Pickles for Christmas

Pickles…I have too say I am rather fond of Pickles and do make my own from time to time and they truly are a traditional gift at Christmastime. So here are some recipes from Mrs Beecher from 1873, firstly the Vinegar:

Vinegar for pickling should be sharp, but not the sharpest kind, as it injures the pickles. Wine or cider vinegar is reliable. Much manufactured vinegar is sold that ruins pickles and is unhealthful. If you use copper, bell-metal, or brass vessels for pickling, never allow the vinegar to cool in them, as it then is poisonous. Add a table-spoonful of alum and a tea-cup of salt to each three gallons of vinegar, and tie up a bag with pepper, ginger-root, and spices of all sorts in it, and you have vinegar prepared for any kind of common pickling, and in many cases all that is needed is to throw the fruit in and keep it in till wanted.

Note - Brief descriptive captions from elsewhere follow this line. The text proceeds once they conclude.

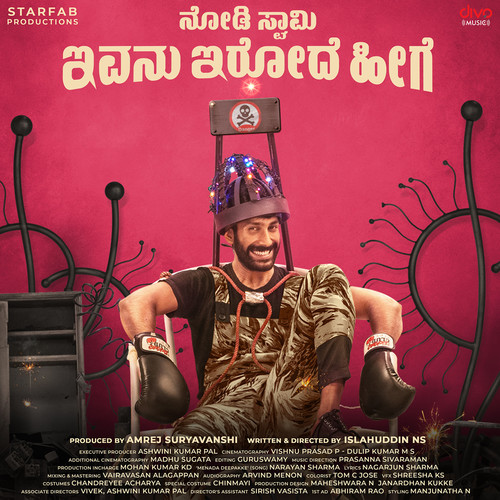 Nodi Swamy Ivanu Irode Heege (Original Motion Picture Soundtrack)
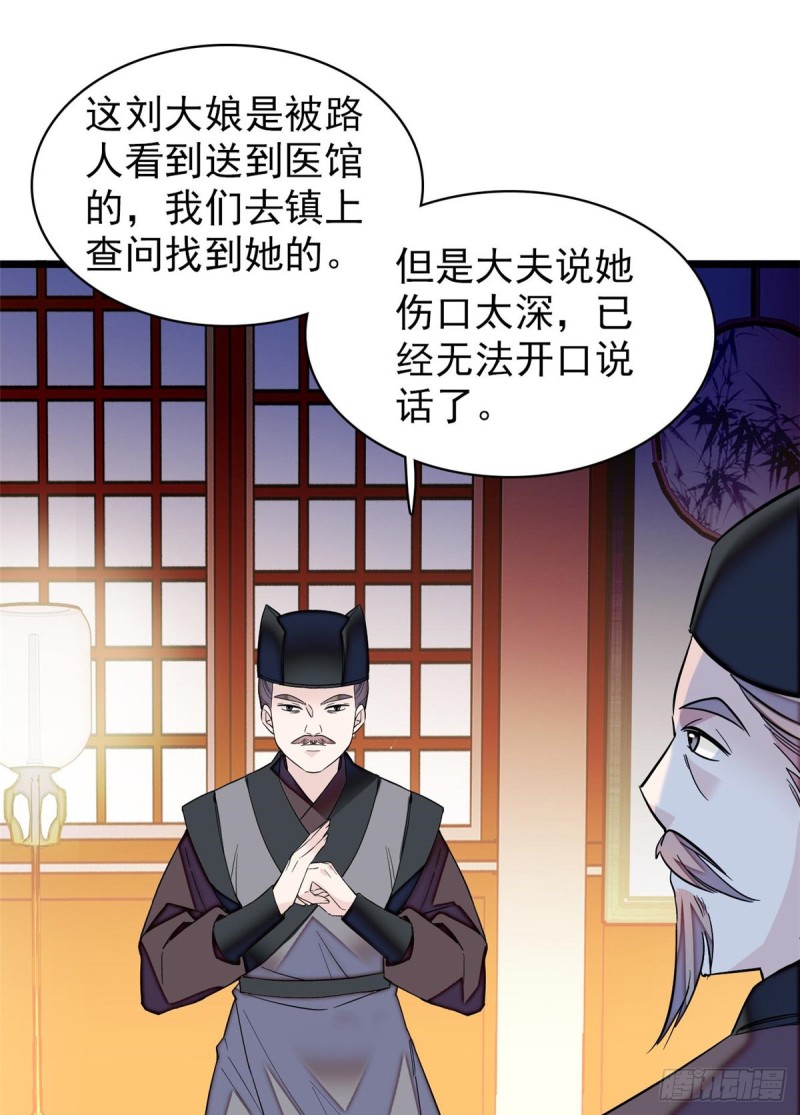 似锦韩漫全集-第65话 这就叫心有灵犀无删减无遮挡章节图片 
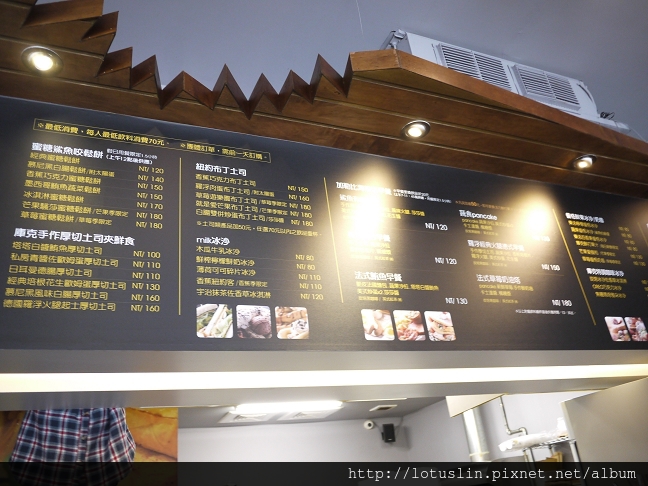 【試-分享】台北大直店-鯊魚咬土司-鯊魚咬吐司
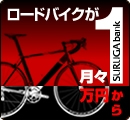 バイクローン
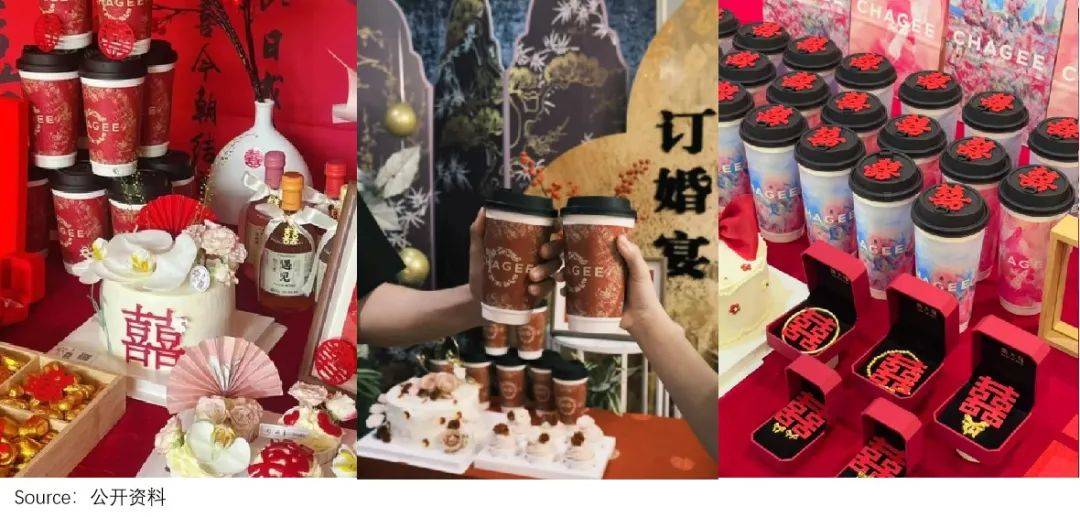 霸王茶姬走出第三条路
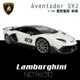 [瑪琍歐玩具]1:14 藍寶堅尼Aventador SVJ 彩繪遙控車/96010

Well you can just buy prepared pickling Vinegar nowadays. It seems that is was quite likely in those days when glass jars were not so readily available that being poisoned was not out of the question!!

Keep pickles only in wood or stone ware. Anything that has held grease will spoil pickles. Stir pickles occasionally, and if there are soft ones, take them out, scald the vinegar, and pour it hot over the pickles. Keep enough vinegar to cover them well. If it is weak, take fresh vinegar, and pour on hot. Do not boil vinegar or spice over five minutes.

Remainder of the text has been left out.